Alright, so I spent some time wrestling with inter prediction lately. You know, the whole deal where you try and guess parts of a video frame based on other frames. The idea is simple enough – find where a block of pixels moved from, just point to it, saves space. But actually getting it working smoothly? That’s another story.

Getting Started – The Setup
First thing I did was dig up the codebase I was supposed to integrate this into. It was a bit of a mess, honestly. Different pieces bolted together over time. My initial task was just to get any kind of inter prediction running. I grabbed some reference functions, kind of like examples, to see the basic flow. Plugged them in.
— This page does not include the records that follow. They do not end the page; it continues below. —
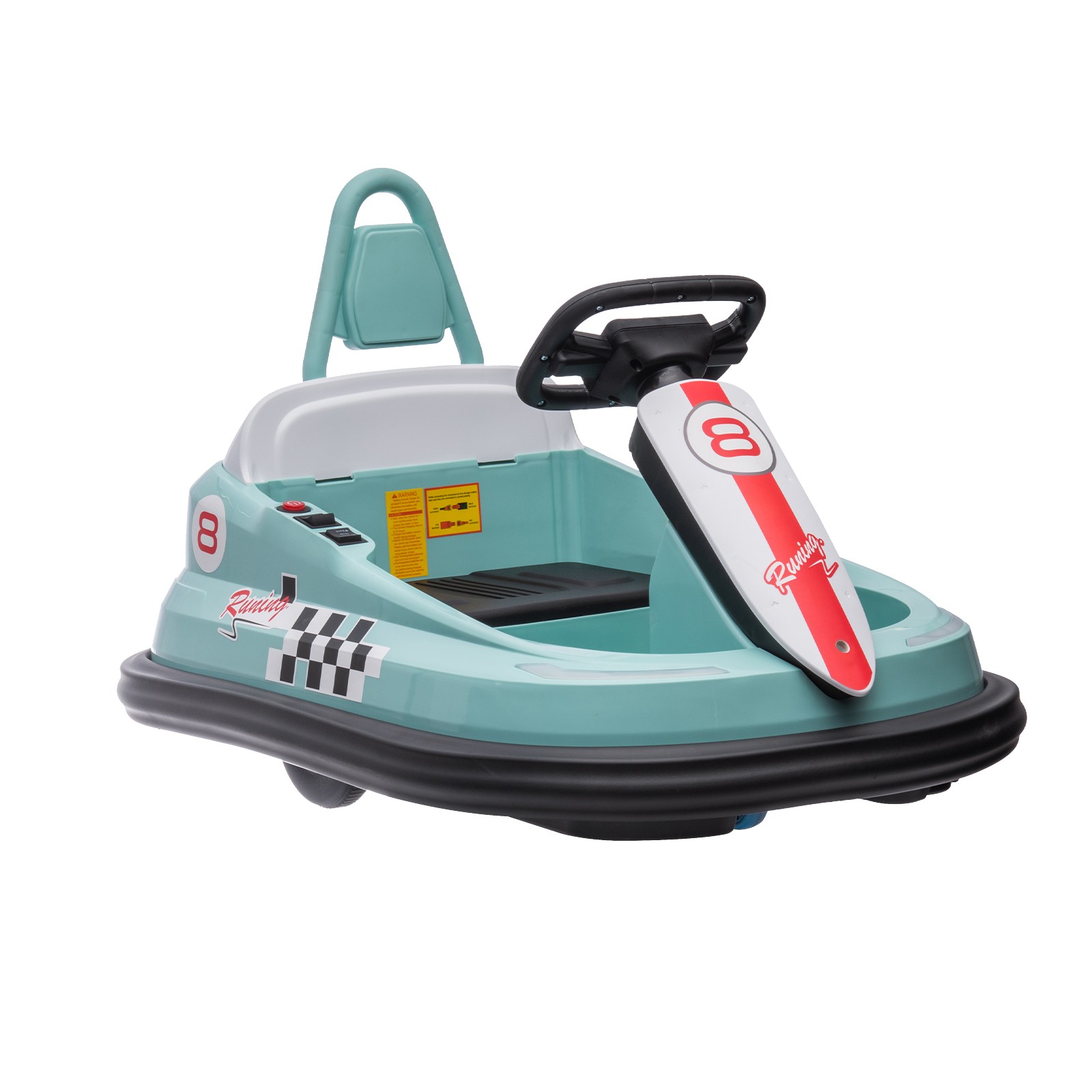 Electric Drift Go Kart for Kids,6V Bumper Car with Music,Ride on Toys for Kids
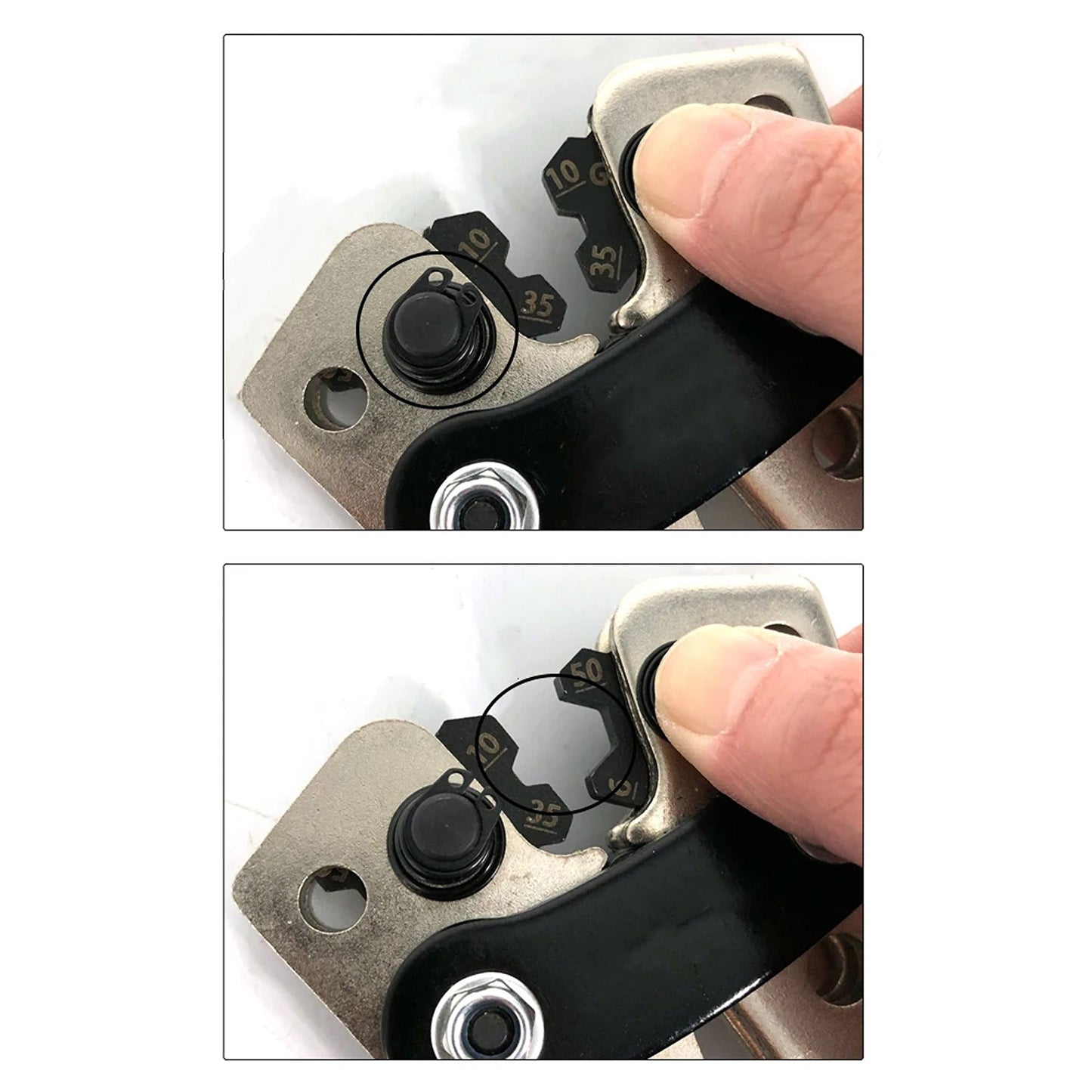 Heavy Duty Battery Terminal Hex Crimping Pliers for Cable Plugs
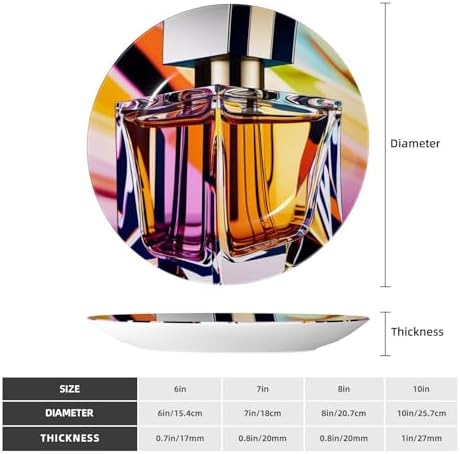 QASDFGHR Perfume Bottle Print Bone China Decorative Plate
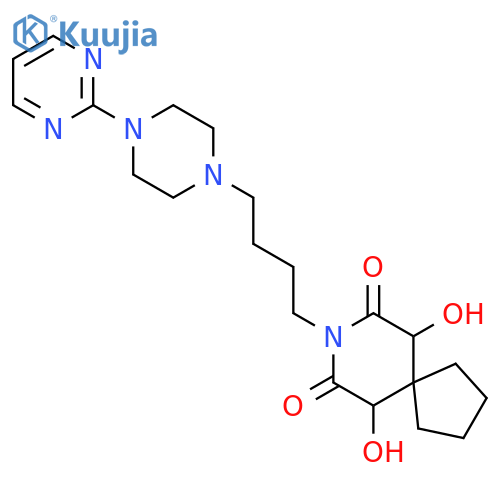 6,10-Dihydroxy Buspirone structure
Ran a test sequence.
Predictably, the output looked awful. Blocks all over the place, motion vectors pointing who knows where. It technically “ran”, but the compression was worse than just coding the frame directly, which defeats the whole purpose. So, step one: make it not garbage.
Digging In – Making it Work
The main chunk of work was getting the motion estimation part right. That’s the bit that actually searches around in the reference frame to find a good match for the current block. I started with a really simple search pattern, just checking a small square area. It was fast, but the matches were often bad.
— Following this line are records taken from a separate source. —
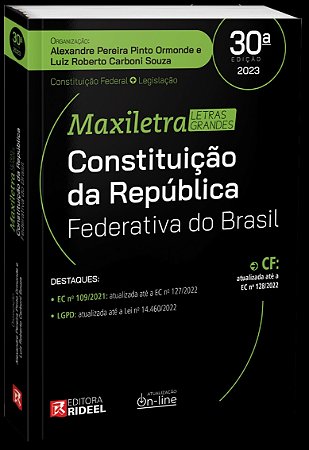 Maxiletra 2023 - Constituicao Federal 30ed.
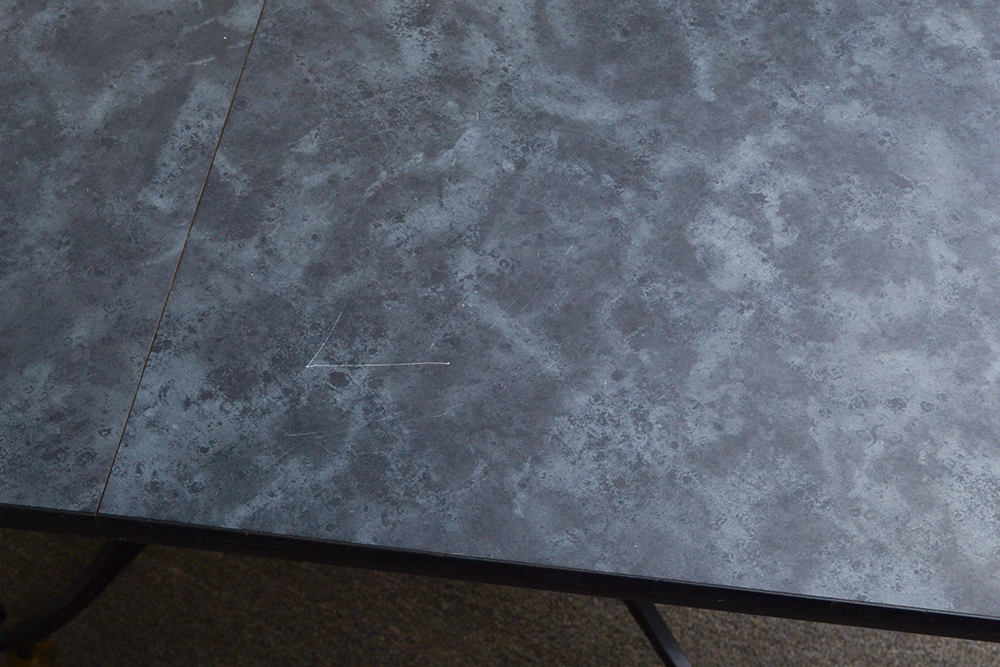 Grey Black Laminate Table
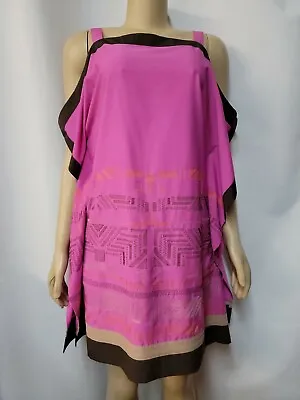 My Favorite Things Colleen Lopez Women Embroidered Pink Casual Dress Size S #C2 • $39.10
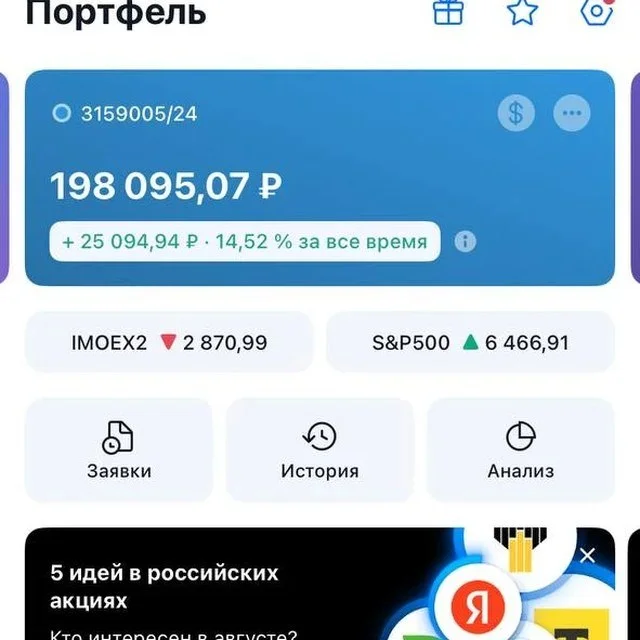 Скрин портфеля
Then I tried expanding the search area. Better matches, sure, but man, it slowed things down to a crawl. Couldn’t have that. It was a balancing act. What really helped was looking at how the motion vectors themselves were being predicted. Instead of starting the search from scratch every time, you can make a guess based on neighboring blocks. Getting that initial guess closer to the real spot made a huge difference.
I spent a lot of time just tweaking things:

- Search range: How far out should I look for a match?
- Search pattern: Checking every single spot? Or using smarter patterns like diamonds or hexagons?
- Block sizes: Should I try to predict big blocks? Small blocks? Both?
- Reference frames: Should I only look at the previous frame, or maybe frames further back?
Debugging this stuff is kind of annoying. You’re not looking for crashes, usually. You’re looking at slightly wrong pixel values, or motion vectors that are just a bit off. I ended up generating difference pictures – subtracting the predicted block from the actual block. When you see clear shapes or edges in the difference picture, you know your prediction is missing something. Lots of trial and error there.
The Result – Did it Fly?
Eventually, I got it to a pretty decent state. The motion vectors looked sensible, pointing generally where things were moving. The difference images were mostly gray mush, which is good – means the prediction was close. Most importantly, when I plugged it back into the main encoder, the file sizes for test videos actually went down. Noticeably down.
It wasn’t perfect, still some weirdness in fast-moving scenes, but it was a solid improvement. It felt good to finally see it contributing, making things smaller like it’s supposed to. It was a bit of a slog, messing with all those parameters and staring at blocky video, but we got there in the end.